2) you can try to identify / help users with some files by providing more
information about files. Start by running commands 'file -b' and 'file -ib',
and then deeper inspections: 'pdfinfo' for pdfs, etc Also read zipinfo/file
comments (old school stuff like: files.bbs / descript.ion / zip global comment
/ zip per file comment, etc)

3) you can help people mark files up. Aka: is this secure / verified file. And
also is the person trusted. This heads into whole can of worms regarding trust
relationships.

4) in the end you can't guarantee anything. Instead of a popup just before
download give indication to how you see a file. Mark .exe as less secure file
than .txt . If you want cutesy go with a cake. A text file will be a nice
cake. EXE will be a rotten cake (and add a note 'cake is a lie' for gamers
refernce)

5) for internal things rely on various hash methods. For my stuff I use:
md4/md5/ sha1/sha224/sha256/sha384/sha512 /ripemd160/whirlpool/ crc32/adler32/
ed2k_chain/ed2k_aich_chain/ed2k_root (i use these to detect dupe files)
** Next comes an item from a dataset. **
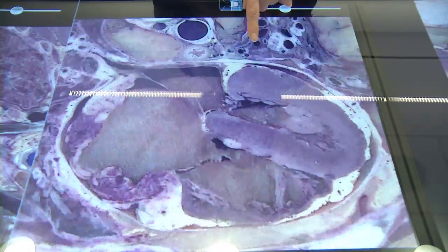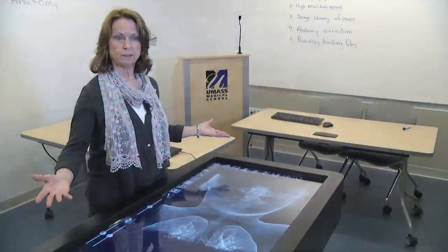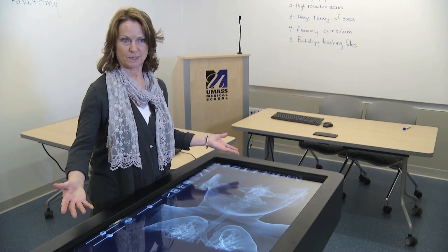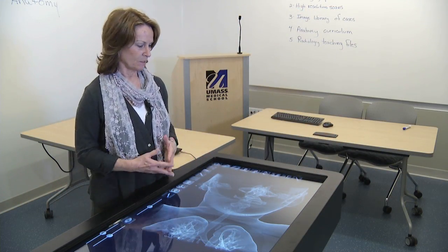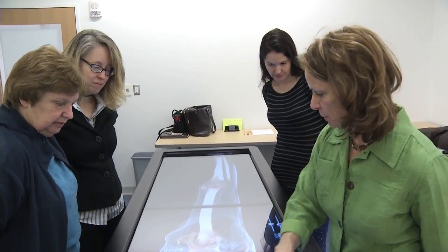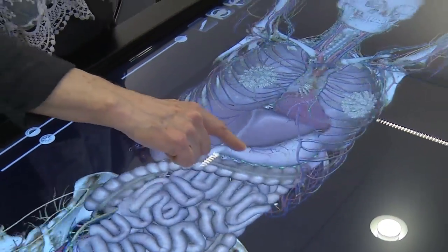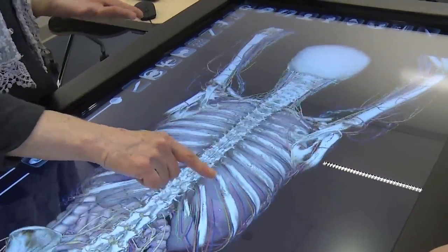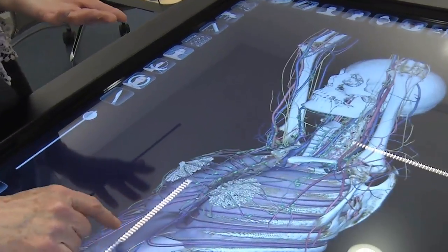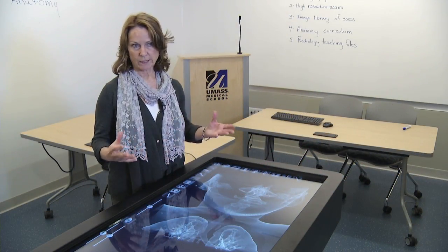We can manipulate it, but this is basically a computer screen. The software the table has allows us to take any image, make a 3D image out of it, and manipulate it — rotate it, cut it, and layer it. We can add layers to each image, we can subtract layers.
Additional benefit of these hashes is that you can block a whole series of
files. Many a pirate site will provide either SHA1 file hash (mostly gnutella)
or ed2k_root (which is same md4 for files below 9.8mb). Some torrent files
will contain md5 per file. CRC32 is also quite popular in pirate scene
(atleast rely on crc32 to flag potential pirate content that could land you in
prison).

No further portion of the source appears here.